Daycare attendance also increases risk significantly, simply because babies in group care are exposed to more respiratory viruses. Most ear infections start as a cold that creates the fluid buildup where bacteria then take hold.

What Happens at the Pediatrician’s Office

Your pediatrician will look inside your baby’s ear with an otoscope, a small handheld tool with a light and magnifying lens. They’re checking whether the eardrum looks red, swollen, or bulging outward from fluid pressure behind it. Some doctors use a version that puffs a tiny burst of air against the eardrum to see how it moves. A healthy eardrum flexes easily; one backed by trapped fluid barely moves at all.

The exam is quick, usually under a minute per ear. Your baby will probably cry, but it’s not painful. The hardest part is holding a squirming infant still long enough for a clear look.

Treatment and the “Wait and See” Approach

Not every ear infection needs antibiotics. Current guidelines support a watchful waiting period of two to three days for mild cases. Specifically, children between 6 and 23 months old may qualify if only one ear is infected, the pain is mild, and the fever is below 102.2°F. Children 2 and older can often wait and watch even if both ears are affected, as long as symptoms remain mild.

During that waiting period, pain management is the priority. Infant acetaminophen can be given every four to six hours as needed for babies 3 months and older. Ibuprofen is an option for babies 6 months and older, given every six to eight hours. Both are dosed by weight, not age, so check the label carefully or ask your pediatrician for the right amount. A warm (not hot) washcloth held against the ear can also ease discomfort.

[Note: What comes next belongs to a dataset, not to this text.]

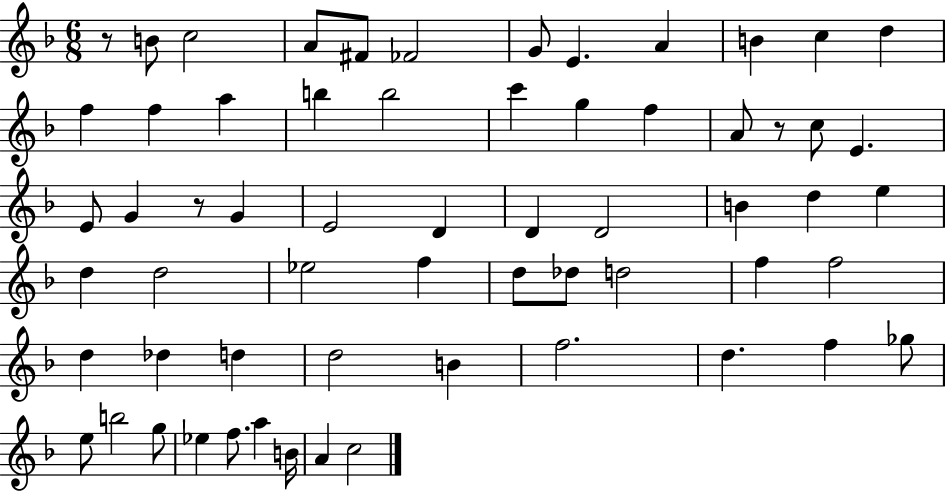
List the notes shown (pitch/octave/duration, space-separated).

If your baby isn’t improving after two to three days, or if symptoms worsen at any point, that’s when antibiotics typically enter the picture. Many ear infections, particularly those caused by viruses, resolve on their own. The watchful waiting approach exists because overusing antibiotics contributes to resistance and because the side effects (diarrhea, rashes) aren’t worth it when the infection would have cleared anyway.

Hearing and Speech Concerns

Parents often worry about lasting hearing damage, and it’s a reasonable concern. During an active ear infection, fluid behind the eardrum can muffle your baby’s hearing, similar to the way sounds are muffled when you have water in your ear after swimming. This temporary hearing loss resolves once the fluid drains.

The picture gets more complicated with chronic or recurrent infections. Research on whether repeated ear infections delay speech development has produced mixed results. Some studies have found links between a history of chronic ear infections and subtle changes in how children produce certain sounds, while others found no meaningful connection. The difference seems to depend on how long hearing was affected, how severe the infections were, and whether they were treated. A single ear infection, or even a handful of them, is unlikely to affect your child’s language development in any lasting way. Recurrent infections that go untreated for months are a different matter, which is one reason your pediatrician tracks how often they occur.

Reducing the Risk

You can’t prevent every ear infection, but a few strategies lower the odds. Breastfeeding, even partially, provides antibodies that help fight the infections that lead to ear trouble. If you use a pacifier, consider limiting it after your baby’s first birthday, when ear infection rates are already starting to drop naturally. Keep your baby upright or semi-upright during bottle feedings rather than letting them drink while lying flat.

Vaccination has made a measurable difference. Since the introduction of the pneumococcal vaccine, the percentage of children experiencing at least one ear infection by age 3 dropped from over 80% to around 60%. The rate of kids with three or more infections fell from 40% to about 24%. Staying current on your baby’s vaccine schedule is one of the most effective things you can do.

Minimizing exposure to cigarette smoke and keeping your baby away from sick contacts when possible also help, though the daycare reality makes the latter difficult. Frequent handwashing, for you and your baby, remains the simplest defense against the colds that trigger most ear infections in the first place.